I woke up at 10 today. I wish I could tell you that I wasn’t feeling well, or that I was drugged, but the fact of the matter is that I sleep really late. Apparently, it’s frowned upon, especially when I arrive at work yawning with sheet marks embedded into my forehead. I love sleep! Why does that provoke outrage in everyone who discovers this factoid about me? I’m a night owl and don’t enjoy early mornings in the least bit.
Mornings are not my finest hour.
When I whine to my sister, Jennifer, about the harassment I receive regarding my late morning awakening, she simply states: “Well, everyone knows that you’ve always been a miserable slug in the mornings.”
“Harsh!” I insist. “I don’t even converse with anyone before 11 so how would you even know?”
She continued: ” You have been this way since the Jurassic Period. Remember you had that bizarre morning ritual when we were kids?”
What my sister refers to is the strange plan I hatched as a child to guarantee more sleep in the mornings. Even now I’ll do absolutely everything I can the night before just to harvest extra snooze time the next morning. But nothing matches the peculiar custom I instituted as a 6-year-old.
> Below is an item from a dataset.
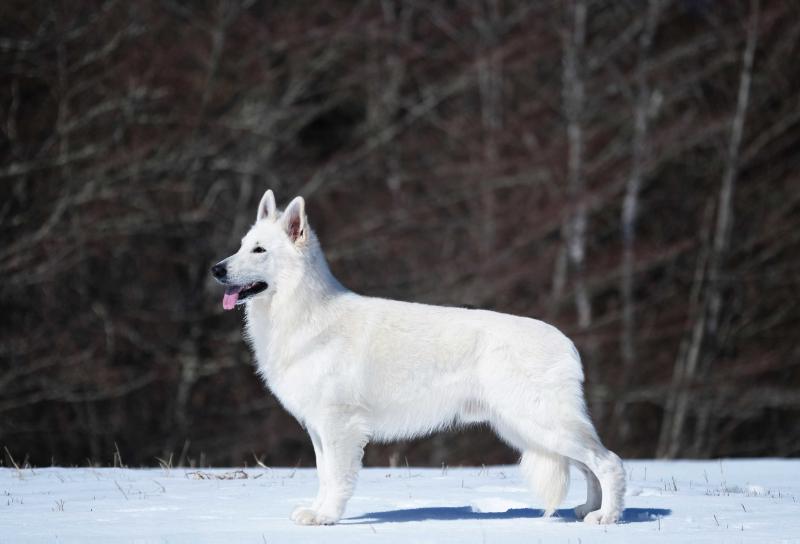 Delta von Neuman | White Swiss Shepherd Dog 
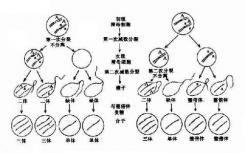 將基因組拉開(kāi)解釋有絲分裂期間的染色體分離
In first grade, without my mother’s knowledge, (although I’m not sure how), I’d get completely dressed the night before school, and sleep perfectly poised and clothed under my blanket, almost corpse-like, so I wouldn’t wrinkle my ensemble. I would put on my tights and Buster Browns, my slip, my dress — everything. I believe we can categorize this peculiar behavior as “adorably eccentric.” Whatever. I bought myself at least 12 extra minutes of deep sleep each morning. I call it ingenious.
Or, perhaps she was referring to my other, equally odd morning proclivity. At about age 9, upon awakening for school, I’d proceed to the bathroom to pretend to wash-up and brush my teeth. I would then lie down on the bathmat, use a towel as a blanket and fall asleep for another 10 minutes! A little pre-school nap, if you will. I only woke up when the pounding on the door from my five siblings was so intense it ruptured an eardrum.
A productive, civil morning for me requires divine intervention at the altar of Saint Folgers, and a force of nature defined as four-plus cups of coffee, a Frisbee sized, carb-loaded bagel with a chaser of diet Dr. Pepper and no conversation for at least an hour. Unless someone dies, and then only hand gestures.
Don’t get me wrong. I wish I were a morning person. It just isn’t how I’m hardwired. I admire my husband’s pre-noon pleasantness. Maybe “admire” is the wrong word. Maybe despise is more like it. (He never gets the “no talking” morning memo). He barges into the kitchen every morning and booms: “How we doin’ today?!” The happier he is in the morning, the more cranky I become. The kids think he’s great. He’s not scowling or snapping phrases like: “Look, if the waffle is still frozen, just bite down harder! What’s the big deal?!” His morning ritual consists of waking up, and enjoying the newspaper and coffee — pre-golf. No wonder he’s perky. He’s leaving for 15 hours. (Because, as he says, “that last hole takes hours.”)
Maybe every morning I should tell Professor Perky Pants I need extra time in the bathroom. I’ll just take a little nap on the floor with a loofah as my pillow and de-puff my eyes with a few used tea bags while mainlining coffee.
Hey, maybe this could be my finest hour, after all.